Расул разулся и сел чуть поодаль от полуджинна, так и не притронувшись к предложенному чаю.
– Скоро Новый год, – Шейфутдинов с удовольствием пригубил из пиалы, – грань между мирами истончится, и мы сможем ее разорвать! Я и мои люди: мы хотим вытащить Визиря. Но чертовы сирийцы, русские и американцы решили устроить нам темную. Еще куча наемников понаприезжала: за бабки готовы хоть с мамой родной воевать. Врать не буду, сейчас дела обстоят так себе. Не удалось нам сыграть на противоречиях: нашего брата теперь и правительственные войска щемят, и оппозиция. А ведь как все недурно начиналось! Собственное государство, государство мусульман!
– Не имеющее к вере никакого отношения, шайтаново ты отродье.
Шейфутдинов недовольно скривился.
– Никакого отношения? Это мне говорит человек, который перешел в ислам, но продолжает во сне разговаривать со старыми богами? Ты никогда не станешь частью этого мира, Расул. Ты язычник, и хоть обвешайся полумесяцами и читай суры сутки напролет, язычником и останешься. А мы что? Мы обещаем и даем людям удовольствия в жизни этой, здесь и сейчас, а не гурий и вечный кайф в посмертии. И люди идут, а когда мы победим, они и не подумают, что все это время дрались во славу Иблиса. От тебя требуется не так много: воскрешай. Ты ведь это умеешь, верно? Поднимай наших павших бойцов и займешь место рядом с Визирем, когда мы его вытащим! А уж потом…

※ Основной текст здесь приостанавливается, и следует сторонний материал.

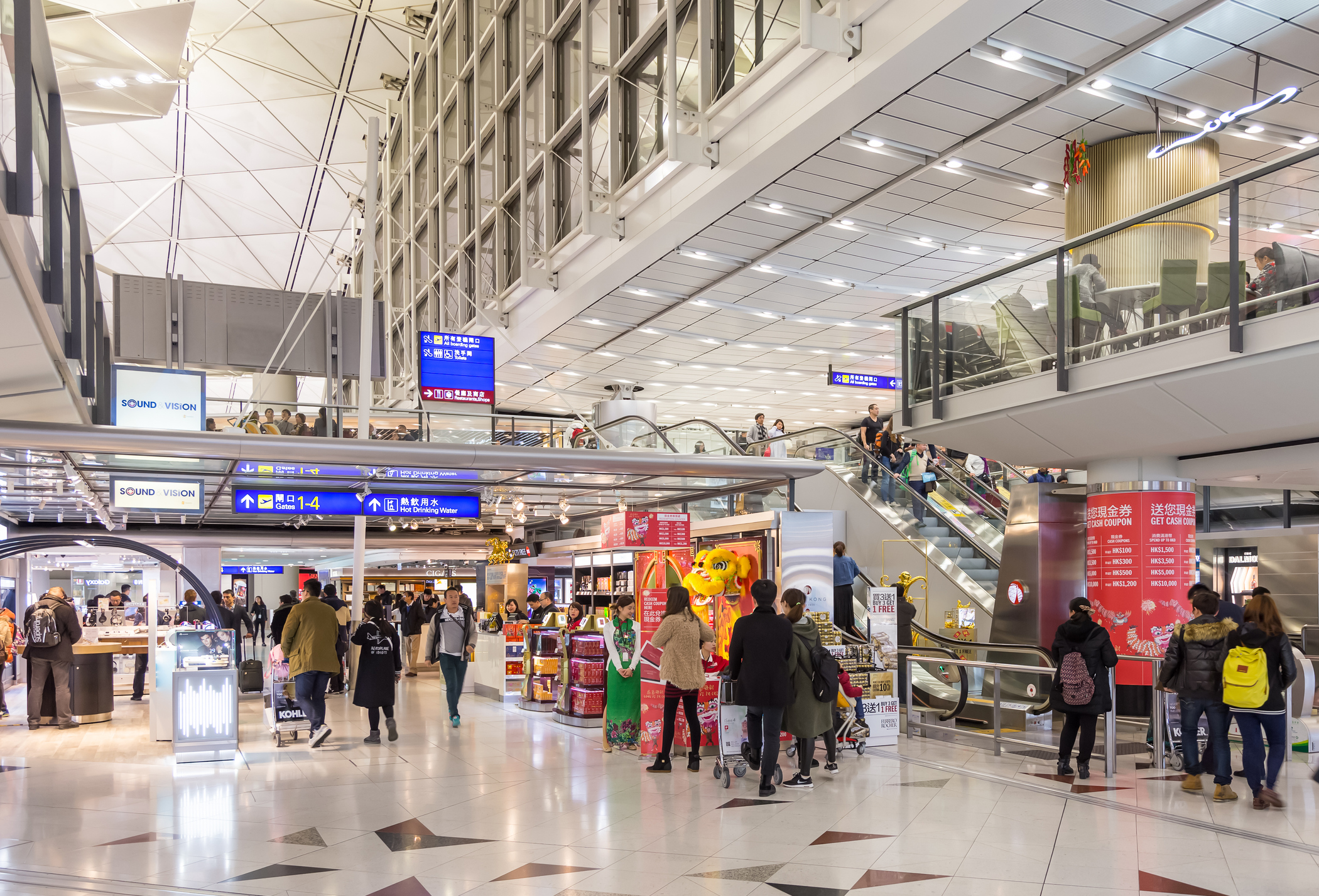 A scene inside an airport terminal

– Не будет шайтанам праздника… Нет!
– Подумай хорошо, Расул. У нас ведь козыри на руках! Оставишь жену и младшую дочь умирать?

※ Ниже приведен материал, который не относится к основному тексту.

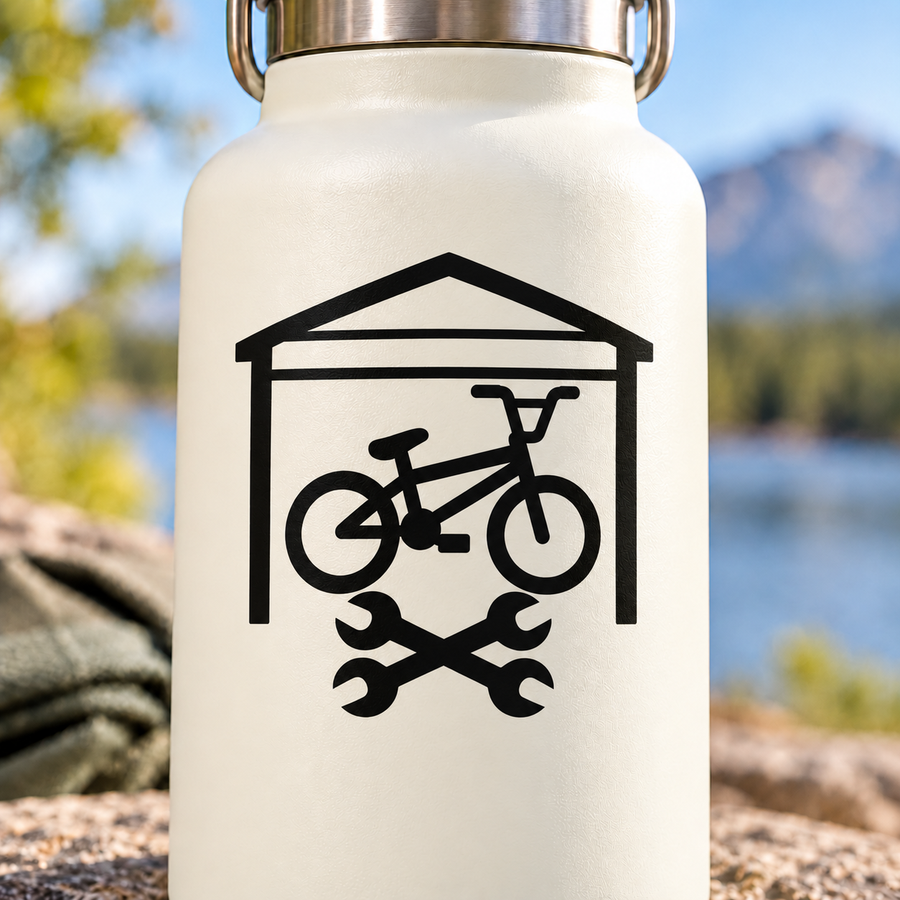 Black BMX garage vinyl decal with bike under shelter and crossed wrench shapes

Расул попытался вспомнить лицо жены, но перед глазами всплывала картина старой обиды: он возвращается из командировки раньше срока и застает родного брата на собственной супруге. Тогда Расул едва сдержался, чтобы не убить обоих. Но брата избил так, что тот еще два года ездил по больницам. И Айшат… Три года он воспитывал ее, считая, что воспитывает свою дочь. Можно было догадаться и раньше: Айшат вся в брата – рыжая и веснушчатая. Однако жизнь вынудила Расула позаботиться и о ней: чтобы устроить старшенькой Лейле безопасную жизнь, пришлось выскрести все свои банковские счета, купить квартиру в Австрии и увезти туда проклятую изменницу с ее нагуленышем. Но шайтаны таки сумели забраться и в эти, казалось бы, далекие дали. Козыри… Не было у Визиря козырей. Последний лежит в подарочной коробке, в морозильнике двухкамерного «Стинола».
– Да мне насрать… – сдавленно прохрипел Расул. – Пойдем, воздухом подышим.
Матерый ингуш одним ловким движением встал на ноги и тут же, вложив в удар весь свой вес, ткнул Шейфутдинова ногой в грудь.
Полуджинн крякнул от неожиданности и попытался встать, но тяжелый армейский ботинок крепко прижал его к полу.
– Тхы… тх… – полуджинн кашлял. – Ты сейчас делаешь охрененную ошибку!